La Belle Hélène

La Belle Hélène

Jacques Offenbach (1819-1880)

 

La découverte des ruines de Troie a donné un fondement historique à la légende racontée dans l’Iliade. Dans cette légende, Pâris, le fils de Priam, a été élevé par un berger. Il gardait les troupeaux lorsque Héra, Aphrodite et Athéna se présentèrent devant lui. Les trois déesses se disputaient le prix de beauté. Pâris le remit à Aphrodite qui lui promit l’amour d’Hélène de Sparte.
Accueilli par Ménélas, roi de Sparte, Pâris s’empressa de lui enlever sa femme. Ce fut la raison de la guerre de Troie. Les hostilités durèrent 10 ans. On sait comment elle se termina. Ulysse conseilla aux Grecs de construire un grand cheval de bois dans lequel des guerriers se cachèrent. Les Grecs firent alors mine de se retirer. Les assiégés firent entrer le cheval dans leur ville. La nuit venue, les Grecs sortirent du cheval, ouvrirent les portes à leurs amis et dévastèrent la cité. Au cours de ce siège, Pâris blessa mortellement Achille d’une flèche au talon.
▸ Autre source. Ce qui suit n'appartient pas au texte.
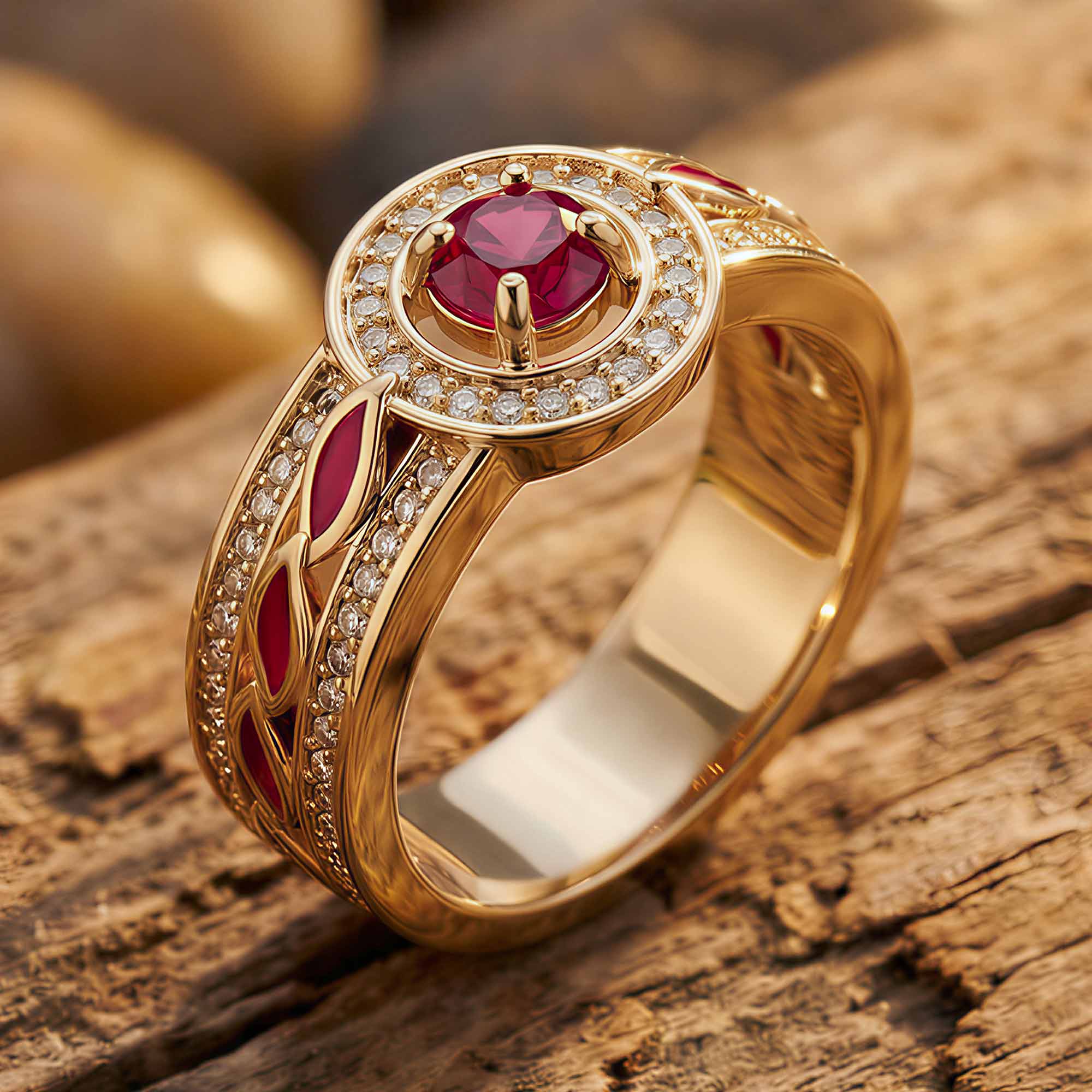 Shining Rodeo Ring - Ruby & Red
Il succomba lui-même sous les flèches empoisonnées de Philoctète. 

Dans la réalité, les Grecs se heurtaient aux Troyens qui gardaient le passage maritime de l’Hellespont et prélevaient de lourds péages. Riche, la ville attirait les convoitises. Vers 1190 / 1180 av JC, Agamemnon et les Achéens partirent à la conquête de Troie. Bien fortifiée, la cité paraissait imprenable. Les assaillants finirent par en venir à bout par la famine et le découragement. Les Achéens brûlèrent ce qu’ils ne purent emporter.

L’opéra bouffe d’Offenbach
Paris, 1864.
On raconte – mais l’anecdote est contestée par certains auteurs – qu’Hortense Schneider, qui vient de se brouiller avec le directeur du Palais-Royal est libre de tout engagement. La diva, encore sous le coup de cette dispute, décide de rejoindre sa mère à Bordeaux. 
Avant son départ, Offenbach, Meilhac et Halévy réussissent à lui faire écouter la partition de La Belle Hélène, l’ouvrage qu’ils préparent pour le théâtre des Variétés. Quoique tentée par le rôle qu’on lui propose, la jeune femme refuse de s’engager. Arrivée à Bordeaux, elle reçoit une dépêche amicale et pressante. Elle exige un cachet exorbitant et, l’ayant obtenu, prend le train pour Paris. Que cette anecdote ait été ou non inventée, une chose est sûre : Hortense est engagée pour interpréter Hélène.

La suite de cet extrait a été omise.